Opinion on other matters prescribed by the Companies Act 2006
In our opinion the information given in the Directors’ Report for the financial year for which the financial statements are prepared is consistent with the financial statements.
Matters on which we are required to report by exception
We have nothing to report in respect of the following matters where the Companies Act 2006 requires us to report to you if, in our opinion:
- adequate accounting records have not been kept by the parent company, or returns adequate for our audit have not been received from branches not visited by us; or
- the parent company financial statements are not in agreement with the accounting records and returns; or
- certain disclosures of directors’ remuneration specified by law are not made; or
- we have not received all the information and explanations we require for our audit.

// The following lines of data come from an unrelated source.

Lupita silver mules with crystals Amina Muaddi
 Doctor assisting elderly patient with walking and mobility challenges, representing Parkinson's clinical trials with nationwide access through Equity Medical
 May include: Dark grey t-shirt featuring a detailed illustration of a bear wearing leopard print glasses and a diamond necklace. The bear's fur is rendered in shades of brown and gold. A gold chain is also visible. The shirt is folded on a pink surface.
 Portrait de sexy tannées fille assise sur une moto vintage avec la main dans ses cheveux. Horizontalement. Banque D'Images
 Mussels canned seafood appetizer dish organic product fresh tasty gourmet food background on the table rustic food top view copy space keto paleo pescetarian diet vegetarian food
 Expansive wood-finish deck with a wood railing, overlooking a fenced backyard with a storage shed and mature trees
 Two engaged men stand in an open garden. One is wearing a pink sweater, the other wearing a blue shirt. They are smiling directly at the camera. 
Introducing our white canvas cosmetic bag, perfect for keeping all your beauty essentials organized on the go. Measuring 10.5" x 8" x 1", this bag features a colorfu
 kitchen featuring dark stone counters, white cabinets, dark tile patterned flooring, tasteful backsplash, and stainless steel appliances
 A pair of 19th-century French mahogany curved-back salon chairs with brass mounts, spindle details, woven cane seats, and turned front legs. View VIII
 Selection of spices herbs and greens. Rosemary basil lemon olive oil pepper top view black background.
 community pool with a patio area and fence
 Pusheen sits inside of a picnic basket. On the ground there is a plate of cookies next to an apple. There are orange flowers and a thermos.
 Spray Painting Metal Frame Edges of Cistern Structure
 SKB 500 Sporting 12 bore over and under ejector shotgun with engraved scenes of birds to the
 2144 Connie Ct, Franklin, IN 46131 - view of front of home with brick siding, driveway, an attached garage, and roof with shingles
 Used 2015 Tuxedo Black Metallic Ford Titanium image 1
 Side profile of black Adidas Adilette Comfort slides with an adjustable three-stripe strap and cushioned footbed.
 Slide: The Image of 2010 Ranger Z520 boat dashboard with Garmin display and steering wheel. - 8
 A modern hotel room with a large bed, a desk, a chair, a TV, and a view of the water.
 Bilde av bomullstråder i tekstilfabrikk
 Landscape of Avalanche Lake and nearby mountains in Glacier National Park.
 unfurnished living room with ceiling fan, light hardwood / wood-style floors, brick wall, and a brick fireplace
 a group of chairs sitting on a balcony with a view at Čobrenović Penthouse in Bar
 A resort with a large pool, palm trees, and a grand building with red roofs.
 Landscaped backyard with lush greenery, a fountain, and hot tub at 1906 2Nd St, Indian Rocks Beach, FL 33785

[1] Plc: public limited company/società quotata
[2] Dichiarazione di limitazione di responsibilità
COMPREHENSION EXERCISES
Exercise 1.
Collocation: a familiar grouping of words, especially words that habitually appear together and thereby convey meaning by association.
Match the verbs (a-i) with the nouns (1-7) to form the collocations used in the text.
Verb | Noun |
a. accept |
b. apply
c. assume
d. audit
e. form
f. obtain
g. prepare
h. state
i. undertake1. audit work
2. responsibility (2 verbs)
3. evidence
4. financial reporting framework
5. matters
6. financial statements (2 verbs)
7. opinions
Exercise 2
What difference is there between the Financial Reporting Framework used in the preparation of the Group statements and those of the Parent Company?
Exercise 3
What disclaimers[2] do the auditors make?
Exercise 4
What, according to the text, does an audit involve?
Exercise 5
What reports and statements that make up XXX plc’s financial statements did the auditors examine?
Exercise 6
Which word is the ‘odd one out’ and why?
misstatement; disclosures; inconsistencies
ANSWERS
Exercise 1.
a. accept responsibility;
b. apply financial reporting framework
c. assume responsibility
d. audit financial statements
e. form opinions
f. obtain evidence
g. prepare financial statements
h. state matters
i. undertake audit work
Exercise 2
The financial reporting framework applied in the preparation of the group financial statements is applicable law and International Financial Reporting Standards (IFRSs) as adopted by the European Union; the financial reporting framework applied in the preparation of the Parent Company financial statements is applicable law and United Kingdom Accounting Standards (United Kingdom Generally Accepted Accounting Practice).
Exercise 3
- the report is made solely to the company’s members to state to them those matters required to be stated in an auditor’s report and for no other purpose.
- to the fullest extent permitted by law, the auditors do not accept or assume responsibility to anyone other than the company and the company’s members as a body, for their audit work, for this report, or for the opinions formed.
- The auditors’ responsibility is to audit and express an opinion on the financial statements in accordance with applicable law and International Standards on Auditing (UK and Ireland) and consequently to comply the with the Auditing Practices Board’s Ethical Standards for Auditors.
Exercise 4
An audit involves (i) obtaining evidence about the amounts and disclosures in the financial statements
sufficient to give reasonable assurance that the financial statements are free from material misstatement,
whether caused by fraud or error; and (ii) making an assessment of whether the accounting policies are
appropriate to the company’s circumstances and have been consistently applied and adequately disclosed.
Exercise 5
Consolidated Statement of Comprehensive Income, the Consolidated Statement of Financial Position, the Consolidated Statement of Changes in Equity, the Consolidated Statement of Cash Flows, the Parent Company Balance Sheet and the related notes, the financial and non-financial information in the Chairman’s Statement, Directors’ Report and Corporate Governance Statement and any other related information.
Exercise 6
Disclosures, because it does not have a negative sense.